Smith ’69, Purdue ’75. Anarchist; agnostic. Writer. Steward of the Pascal Emory house, an 1871 Second-Empire Victorian; of Sylvie, a 1974 Mercedes-Benz 450SL; and of Taz, a purebred Cockador who sets the standard for her breed. Happy enough for the present in Massachusetts, but always looking East.

Thursday, November 09, 2006

Word of the Day: Slip

My latest commission is writing catalog descriptions for a manufacturer of mantels and other architectural pieces. It's a bit of a challenge, because the mantels are in some cases a mix of period styles--not clearly definable as George III or rococo, for example. I'm going to stick to describing the individual elements and stay away from strict attributions.

I was refreshing my knowledge of period detail--dog leg moldings, descending bellflowers, reeded columns, plinths, palmettes, and so forth, when I came across a term I didn't know. A "slip" when speaking of a fireplace is the veneer of the surround. (The "surround" is the part between the fireplace itself and the mantel. The vertical sections of the surround are called "cheeks.")

Now I know how to refer to the art tiles decorating the fireplace in my den. This is the only fireplace in the house that I actually use. I have four others, with stone mantels, but they were originally intended for coal and have been blocked up. This one is mahogany with a funky and elaborate overmantel, very Victorian. It's got shelves and a nice beveled mirror, elegant proportions and no fussy carving.

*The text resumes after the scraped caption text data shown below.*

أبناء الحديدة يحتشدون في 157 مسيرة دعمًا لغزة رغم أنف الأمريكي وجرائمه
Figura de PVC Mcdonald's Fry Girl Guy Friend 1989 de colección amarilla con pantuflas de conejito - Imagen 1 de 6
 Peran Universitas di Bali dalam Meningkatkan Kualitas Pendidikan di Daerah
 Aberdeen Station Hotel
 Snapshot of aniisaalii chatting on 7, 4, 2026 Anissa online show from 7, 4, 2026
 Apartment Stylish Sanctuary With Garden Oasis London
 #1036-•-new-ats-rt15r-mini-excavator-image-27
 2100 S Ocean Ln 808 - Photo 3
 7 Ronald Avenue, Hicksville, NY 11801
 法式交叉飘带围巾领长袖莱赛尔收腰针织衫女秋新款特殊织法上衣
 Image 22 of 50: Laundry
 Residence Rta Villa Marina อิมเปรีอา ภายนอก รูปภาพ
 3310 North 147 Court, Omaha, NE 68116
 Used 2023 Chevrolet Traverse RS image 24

Most of the tiles in the surround are plain.The tile at each of the four corners of the fireplace opening is a rosette, and the one in the center of the slip features the bust of a sweet girl in profile, wearing a bonnet.

The fireplace is not very efficient, so when my central heating is running, I avoid using it. It heats the room, but in order to do so it draws warm air from the rest of the house and throws it up the chimney, replacing it with cold air sucked from under the door. Still, I plan to have a crackling fire or two during Thanksgiving week, when I'm having company. It'll be nice to curl up on the Chesterfield couches with people I love and haven't seen for awhile. It'll be nice to be really, really warm for a change--as long as I don't move too far from one spot. And it'll be nice to look at the girl in the bonnet and know that she's decorating the slip. I've been wondering what that thing was called for about fifty years, and now I know.